A current student at Nixon-Smiley High School even asked what would happen if a teacher who went through the process of psychological evaluation were to somehow “flip the switch.”
“What happens when although you seem fine, an incident happens,” Faith Pullin, currently a junior at the school inquired. “It scares me having guns in the classroom. It already gives me anxiety, everything that’s been going on. I feel like our opinions matter too because we are in the classroom dealing with it.”
Lauer explained earlier in the meeting three options that are currently in discussion, if indeed the panel recommends to the school board that NSCISD should arm their staff. One of which is employing a School Resource Officer (SRO).
The superintendent estimated the cost to hire an officer would be between $31,000-60,000 a year. Other than costs, an issue would be that the officer would be posted at just one location, which poses a problem for NSCISD since they have campuses both in Nixon and in Smiley, eight miles apart.
Then there’s another option called the School Marshal Program which allows the district to put certain school employees through TCOLE training, which is similar to officer training, where they take an assessment and that person carries a gun.

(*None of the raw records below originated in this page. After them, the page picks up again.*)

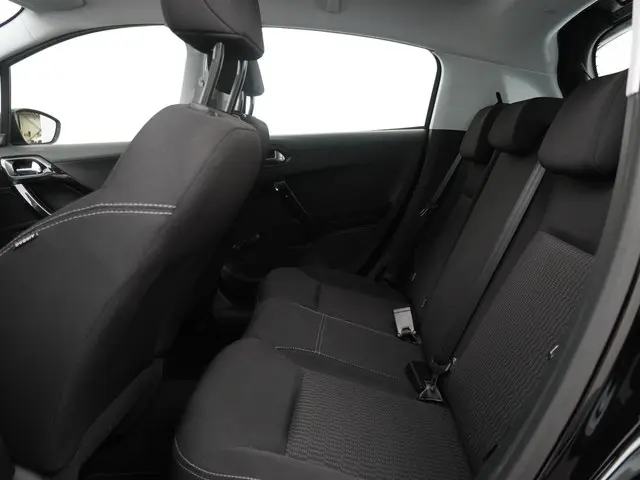 Peugeot 208 1.2 PureTech Blue Lease Active 2019 Benzine 10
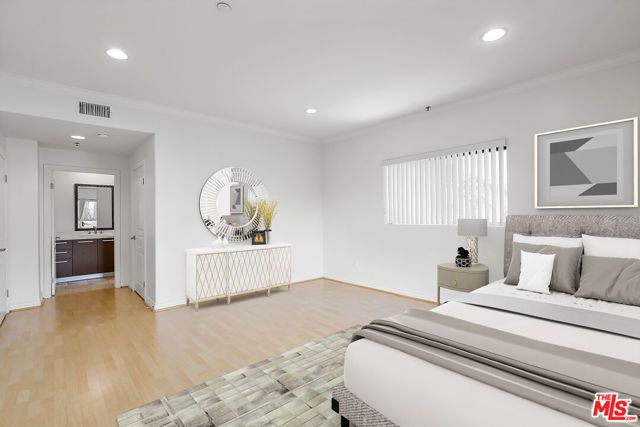 10633 Eastborne Avenue, Los Angeles, CA 90024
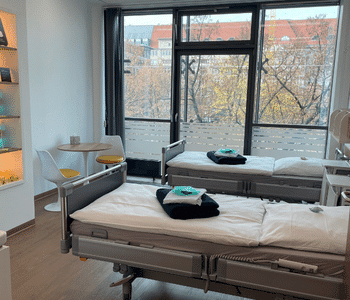 Zimmer 3 med-plast Klinik Fenster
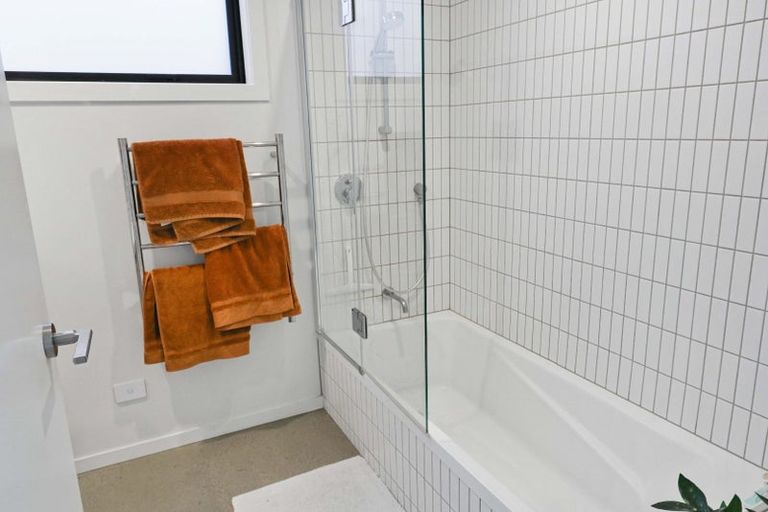 Photo of property in 18a Tory Street, Petone, Lower Hutt, 5012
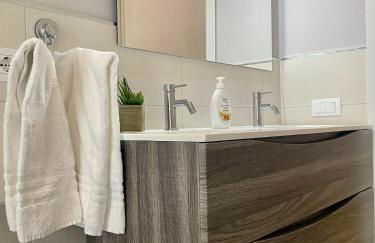 Stefy House - Apartment in Cagliari- super Balcony - Foto 17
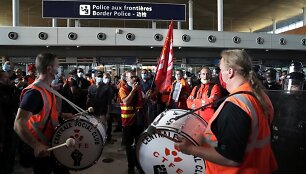 Paryžiuje Ch.de Gaulle'io oro uosto darbuotojai blokavo vieną i&scaron; terminalų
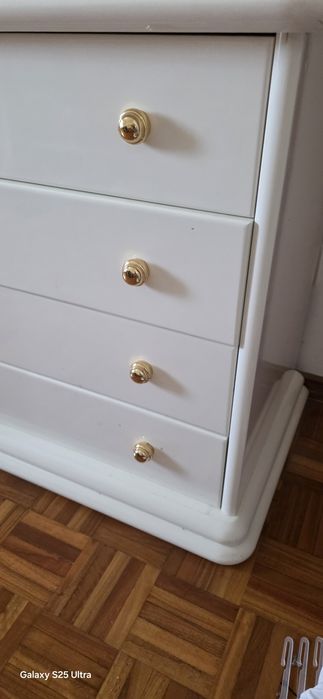 Cómoda madeira maciça com 4 gavetas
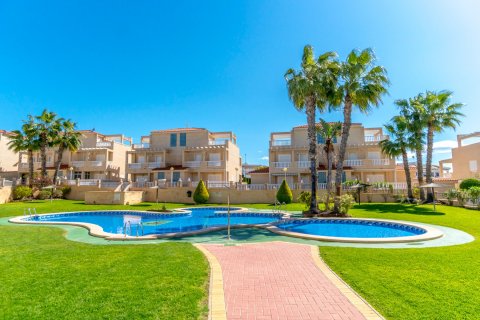 Radhus till salu Playa Flamenca II, Alicante, Spanien 3 sovrum, 135 kvm. Nr. 131882 - foto 4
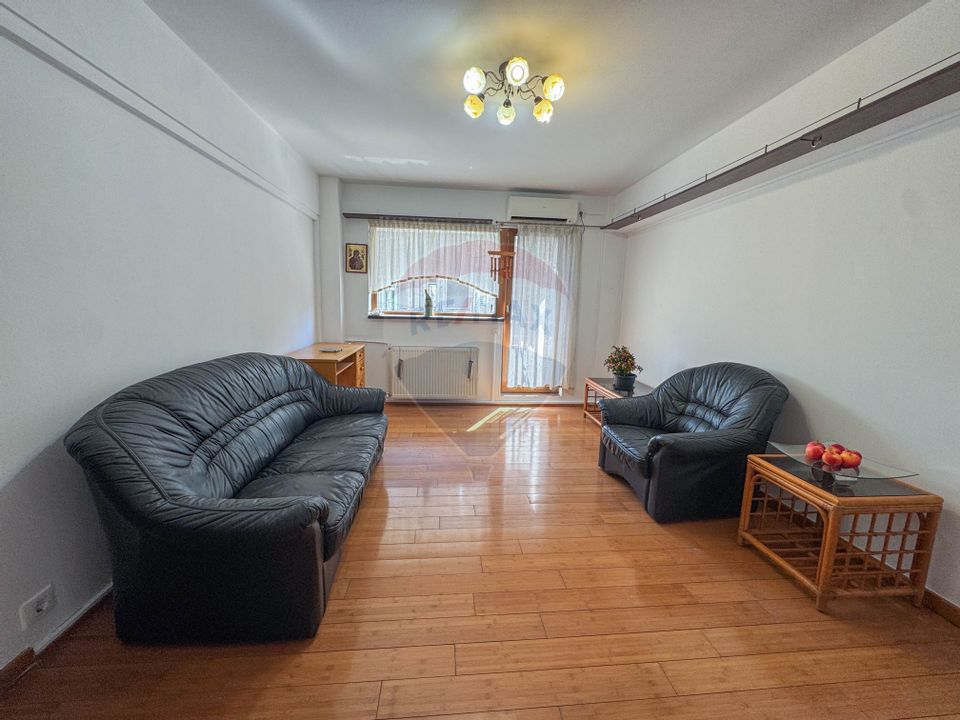 De inchiriat – Apartament elegant cu 3 camere,  Zona Piata Rosetti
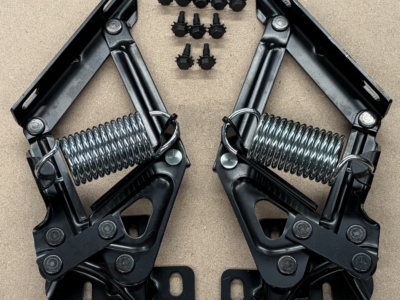 BONNET HINGES & BOLTS FORD XA XB XC FALCON FAIRMONT ZF ZG ZH FAIRLANE P5 P6 PAIR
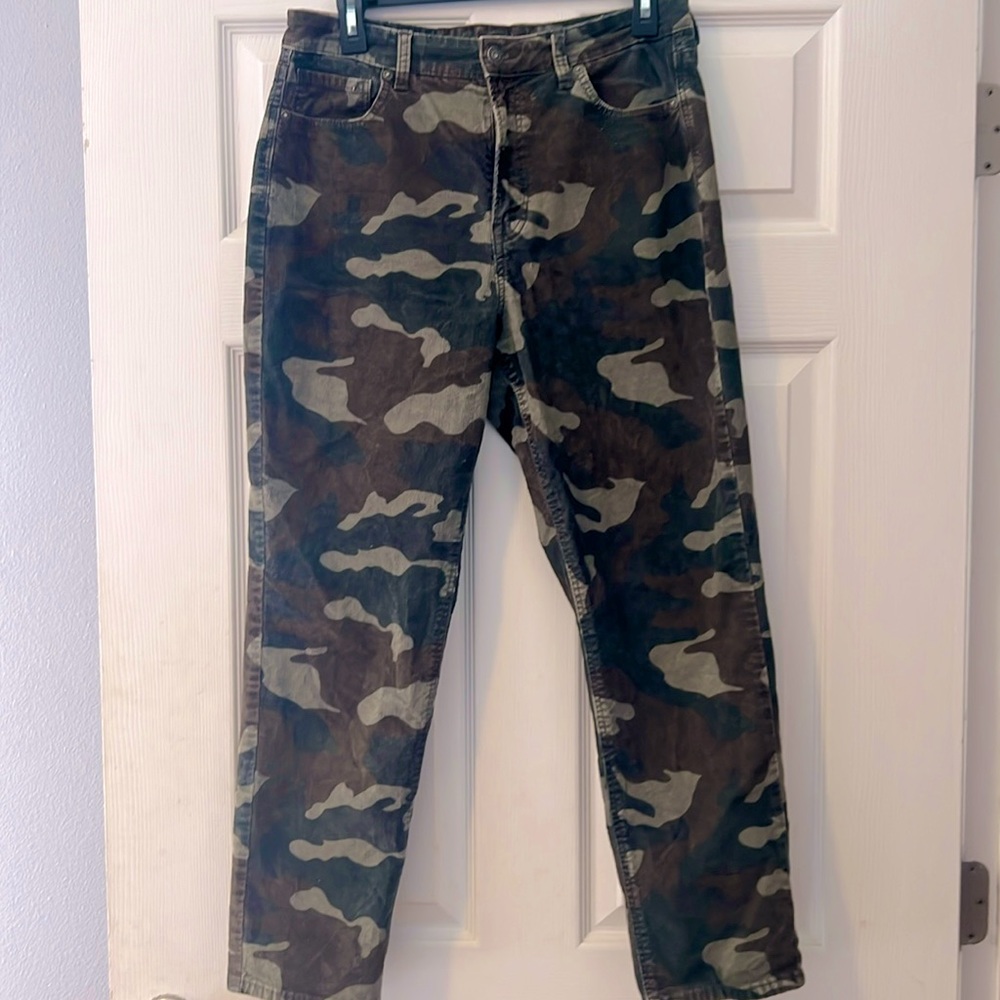 American Eagle Super Stretch Camouflage Mom Jeans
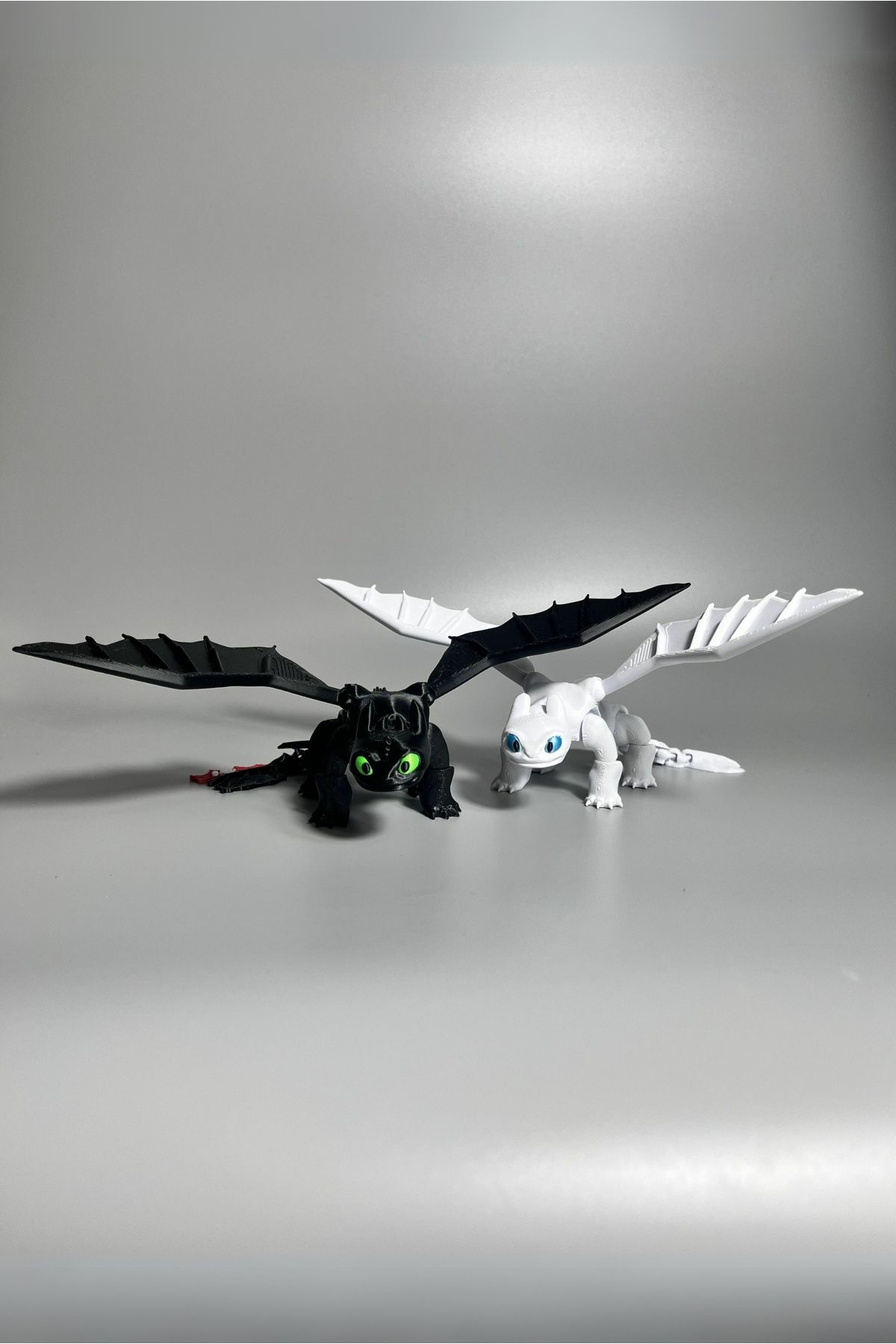 Piyo Design Ejderhanı Nasıl Eğitirsin: Toothless ve Light Fury Ejderhaları Paketi - 2 Adet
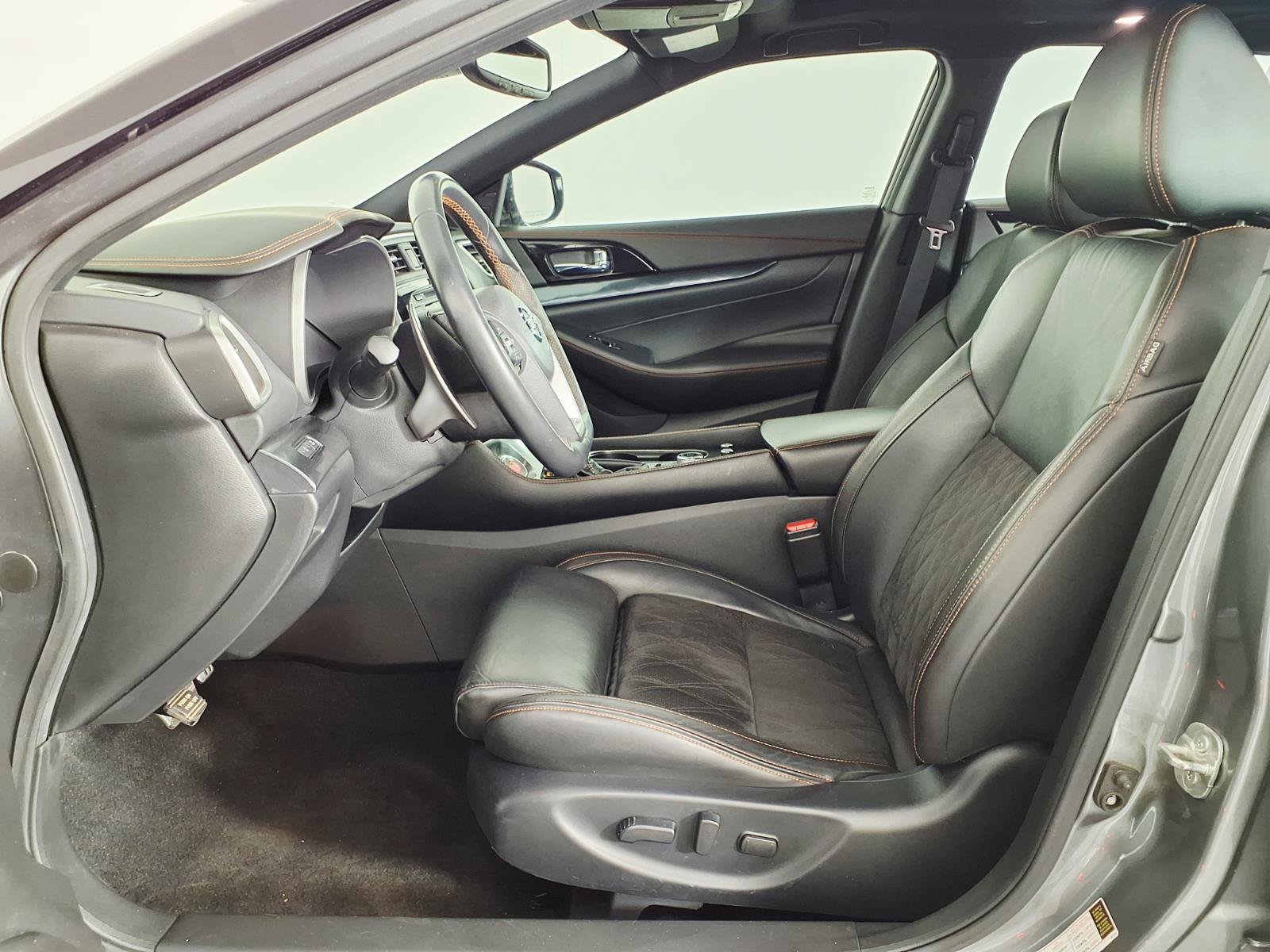 Used 2020 Nissan Maxima SR w/ Sport Mat Group FWD image 17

The “trick” to this program, as Lauer explained, is that if the primary duty of the school marshal involves “regular, direct contact with students, the marshal may not carry a concealed handgun but may possess a handgun on the physical premises of a school in a locked and secured safe within the marshal’s immediate reach when conducting the marshal’s primary duty,” according to text from House Bill 1009, effective June 14, 2013.
One final option that Lauer believes could be a solution is the Guardian Program. The program allows certain employees to carry firearms on their person. The board would decide on the training and psychological evaluations.
For context, Fayetteville ISD — a school district located east of La Grange, has implemented the program. In a letter signed by Fayetteville ISD Superintendent Jeff W. Harvey sent to parents, Guardians will be staff members who have passed each of the following requirements (and more):
If Nixon-Smiley CISD were to follow the route of the Guardian Program, the board may have similar requirements.
No decision has been made since the town hall meeting was indeed just another method of gathering information from the community. The soonest the school board can decide will be at the next regularly scheduled meeting on April 9.